Tuesday 28 April 2015

Aam Anaras Kasundi

Aam Anaras Kasundi





Mango season is here. There are still a few weeks before the fruit ripens and the markets are inundated with Langdas, Dasheharis, Ratnagiris, Kesari etc. this is the right time to use those Kachi Kiyaris for making aam panna, murabbas and achars.

Kashundi is a mustard sauce that is a must in all Bengali households. They are best eaten with fried saag. However you can add them to a number of dishes to bring in the extra oomph. Try adding it to fish or chicken dishes and see the twist in flavour.

One important part of the Bengali cuisine is the chutney. I remember my grandmother making aam chutney, pineapple chutney, Kul/berry chutney. The best way to eat a chutney is inelegantly. Use your fingers and scoop up the chutney from the plate into your mouth. Trust me it tastes better that way. 
Now even researchers are coming up with studies that show that eating food with your hands is healthier than using cutlery.
Everyday chutney is made very simply. A tempering of Paanch Phoron, some salt and sugar and a pinch of turmeric. That’s it!! However if you want to add to the taste make this Aam Anaras Kashundi.

Ingredients

1 green mango, chopped
2 pineapple rings, chopped
2 tbsp kashundi
5 tbsp sugar
1 tsp salt
½ tsp turmeric powder
1 tbsp Paanch Phoron

First point to note is measurement of salt and sugar will vary according to how sweet or sour your green mango is. So you have to trust your instinct and adjust accordingly.

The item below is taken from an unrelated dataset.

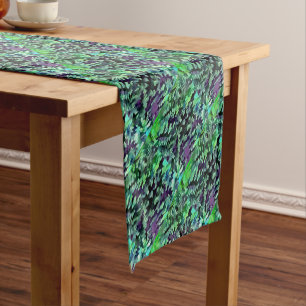 Foliage Abstract Pop Art In Jade Green and Purple. Short Table Runner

Secondly in my Paanch Phoron I prefer to add some extra saunf/aniseed because that gives it a beautiful aroma. 

As you know Paanch Phoron consists of Paanch or Five tempering ingredients :

Saunf/aniseed
Methi/fenugreek
Sarson/Rai/mustard
Jeera/cumin
Kalonji/Kala jeera/Nigella


Heat some oil and add the Paanch Phoron. Once the seeds start spluttering add the chopped green mango and anaras or pineapple. 


Saute for few seconds. Add the sugar, salt and turmeric powder. Add 1 cup of water. 
Cover and cook till the mangoes are soft. Now add the Kashundi and simmer some more. Check the balance of the sweet and salty.

In case you do not have Kashundi then you can use homemade mustard paste. Soak 2 tbsp of mustard seeds in hot water. Grind it to a smooth paste with ½ tsp salt. Since this is raw paste you have to cook it a bit. So after the Paanch Phoron starts to splutter then add the mustard paste and fry on low heat for a few minutes. Then add the chopped mango and pineapples and follow the recipe.